Whichever the answer, this week dig HQ is full of ongoing research. And that’s a very good thing.

In a backroom, full of boxes of worked stone and incised stone, Cameron is busy working on his PhD, Neolithic Narratives, examining storytelling methodologies, tools, and technologies for enriching visitor engagement with prehistory.

He’s talking to us, the Ness Team, Mark, Nick, Sigurd, myself, examining how we tell our story to all of you.

Meanwhile Sarah is tucked away in a room with a view out over the site and in the distance, the Ring of Brodgar.

She’s starting work on pottery from Structure Twelve, continuing the work done over the winter by Annabel and Kathy.

Sarah and Nick set up the camera for a ceramics photography session. (📷 Anne Mitchell)

Sarah is with us until late October and is working initially on a particular batch of seven boxes of pottery. Some of that will be photographed as she proceeds and here are Sarah and Nick trying to get the camera in position to take the best shots. Not easy!

Jonni is sharing space with Jan, our ceramics specialist, and is currently under way with her UHI Archaeology Institute MLitt dissertation, cataloguing, photographing, making observations of the Ness assemblage of mini pots.

Small, but perfectly formed. A thumb pot recovered from inside Structure Nineteen in 2022. (📷 Jo Bourne)
Small, but perfectly formed. A thumb pot recovered from inside Structure Nineteen in 2022. (📷 Jo Bourne)

We have 42 of these tiny pots – some complete, some fragments.

They are sometimes simple thumb pots, but sometimes miniature replicas of much bigger Grooved Ware vessels. We don’t know what they were for and Jonni’s work, including sorting out where on the site they came from and within which phase (time frame) they were deposited, are all valuable first steps towards an understanding of these tiny beauties.

UHI Archaeology Institute MLitt student Jonni examining Ness thumbpots.  (📷 Anne Mitchell)
UHI Archaeology Institute MLitt student Jonni examining Ness thumbpots. (📷 Anne Mitchell)

Jan is working with Jonni and Sarah and proceeding through the Structure Twelve pottery, adding specialist detail to the cataloguing being done by Sarah. The Ness pottery assemblage is huge, as we’ve told you many times before, and we need to throw many hands, and heads, at it.

Gary is out in one of the site huts examining worked stone… or is it?

Gary's boxes of stone. Worked or unworked?  (📷 Anne Mitchell)
Gary’s boxes of stone.
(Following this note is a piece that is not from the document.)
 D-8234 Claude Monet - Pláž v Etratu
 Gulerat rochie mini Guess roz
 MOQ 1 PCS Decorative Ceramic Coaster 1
Worked or unworked? (📷 Anne Mitchell)

Over the years we’ve amassed a collection of stone from the Ness, which has been bagged and recorded because it apparently was used.

It doesn’t, however, fall obviously into any of the stone tool categories so further work is needed. And Gary is the lucky specialist to start the process.

I envy him greatly and you may find me missing from my desk a lot over the next few weeks, exploring these pieces with Gary. This is recreational activity for Gary before he starts his PhD research in the autumn, but it’s a task of great use to the Ness team.

Also squeezed also into the little house on the Ness are Nick and myself, preparing furiously for this year’s dig and working with the team here as surprises and questions arise.

It’s very fine to have them all here and a taster of what will come, when we stop digging in August, and fill our head and physical space with post-excavation research.